Gran texto, felicidades. El transhumanismo es imparable. Es de hecho la principal obsesión de las élites, sean de donde sean. Para quienes seguiremos siendo humanos y nuestras descendencias, me pregunto si no argumentas aquí que el ciclo que abrió la Ilustración se terminó y lleva como nombre, en términos post-ilustrados, multipolaridad. No hablo de tecnofeudalismo, término que solo describe bien el momento actual a condición de no saber qué fue el feudalismo. Hablo más bien de una salida de lógicas modernas, no solo liberales. Aunque el liberalismo haya sido el pilar de la modernidad, creo que lo que planteas aquí va más allá de la desaparición del marco antropológico liberal y apunta a la desaparición del marco antropológico moderno. ¿Es así?
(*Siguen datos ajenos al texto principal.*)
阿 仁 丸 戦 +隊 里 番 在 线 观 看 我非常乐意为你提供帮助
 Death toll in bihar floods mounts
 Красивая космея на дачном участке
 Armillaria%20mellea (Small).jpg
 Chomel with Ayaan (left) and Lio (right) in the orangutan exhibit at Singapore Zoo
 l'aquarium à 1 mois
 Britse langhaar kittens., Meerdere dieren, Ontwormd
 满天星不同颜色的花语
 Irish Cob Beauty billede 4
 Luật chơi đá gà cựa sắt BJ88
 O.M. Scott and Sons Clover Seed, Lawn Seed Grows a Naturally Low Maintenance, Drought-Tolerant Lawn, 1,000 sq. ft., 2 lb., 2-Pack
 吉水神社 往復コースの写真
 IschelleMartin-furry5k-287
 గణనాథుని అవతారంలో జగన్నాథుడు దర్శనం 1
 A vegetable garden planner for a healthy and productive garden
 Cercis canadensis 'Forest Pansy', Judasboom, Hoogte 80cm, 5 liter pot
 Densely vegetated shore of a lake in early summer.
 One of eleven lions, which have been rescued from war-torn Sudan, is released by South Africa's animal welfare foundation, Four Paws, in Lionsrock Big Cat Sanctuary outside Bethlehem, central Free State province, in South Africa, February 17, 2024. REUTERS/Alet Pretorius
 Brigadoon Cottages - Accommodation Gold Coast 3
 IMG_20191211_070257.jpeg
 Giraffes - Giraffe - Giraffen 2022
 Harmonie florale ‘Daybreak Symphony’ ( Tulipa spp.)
Me quedan algunas dudas. Evidentemente, vamos a cambiar nuestras vidas, porque el modelo en que habitábamos ha expresado su contradicción, latente desde hace siglos. Como decía Cela, es más difícil componer la figura y cimbrearse ante un bidé con ruedas que ante un Mihura, porque ante un Mihura, si no te cimbreas, te cimbrean. Y estamos ya ante la bestia, sin que sirva de nada taparnos el rostro o buscar otro inexistente lado hacia dónde mirar.
Ahí ya no veo tan sencilla una solución de amparar la natalidad y la familia. No se ven afectadas por el cambio? No viene un cambio de paradigma en el que también quepa la posibilidad de que nos replanteemos esa continuidad biológica?
Todd también lo cree, como base para restaurar los valores éticos, pero, tendremos unos principios parecidos a los que queremos tener ahora una vez realizada la transformación?